通常、特別な検査は必要ありません。症状と流行状況から総合的に判断します。ただし、高熱が3日以上続く場合や、水分が摂れずにぐったりしている場合は、脱水の程度や他の病気の可能性を確認するために、血液検査や尿検査を行うことがあります。

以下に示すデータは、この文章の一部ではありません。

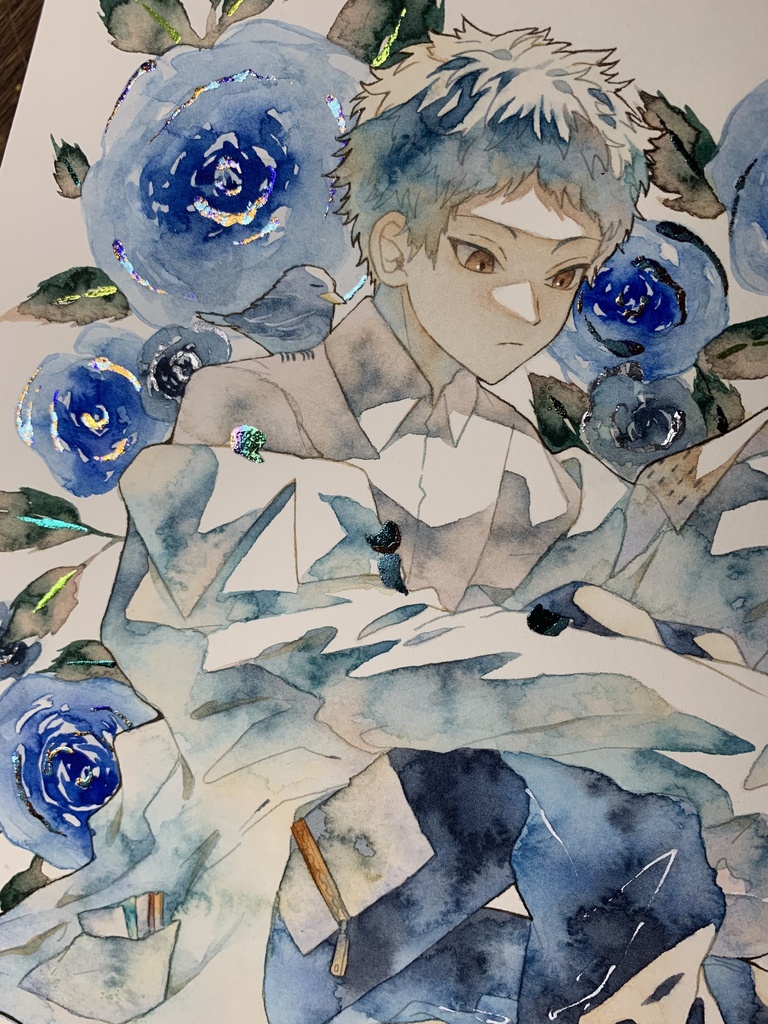 手描きイラスト オリジナル 「青薔薇博士の研究日和」 原画 創作 男の子 変形サイズ 透明水彩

また、頭痛や嘔吐が強い場合は、髄膜炎の可能性を考えて詳しい検査が必要な場合もあります。
ヘルパンギーナの治療
現時点ではヘルパンギーナに対する特効薬はありません。菌を退治する抗菌薬の効果もありませんので、治療では熱や痛みといった症状を和らげながら、自然に回復するのを待つ対症療法が中心となります。
解熱剤
高熱がつらい時は、お子さんに使用できるタイプの解熱剤を処方します。
水分補給
脱水を防ぐことが何よりも大切です。喉の痛みで飲食を嫌がることが多いですが、冷たい水やお茶、経口補水液などを少しずつ与えてください。一度にたくさん飲ませようとせず、スプーンで少量ずつ与えてください。
食事の工夫
熱いもの、みかんやりんごなどの酸っぱいもの、塩辛いもの、硬いものはしみるため避けましょう。プリン、ゼリー、冷ましたおかゆ、うどん、アイスクリームなど、喉ごしの良い冷たいものや軟らかいものがおすすめです。
登園・登校の目安
ヘルパンギーナは、出席停止期間が法律で定められている病気ではありません。熱が下がり、喉の痛みが治まって普段通りの食事が摂れるようになれば、登園・登校が可能です。ただし、園や学校によって独自の基準がある場合もありますので、事前に確認されることをおすすめします。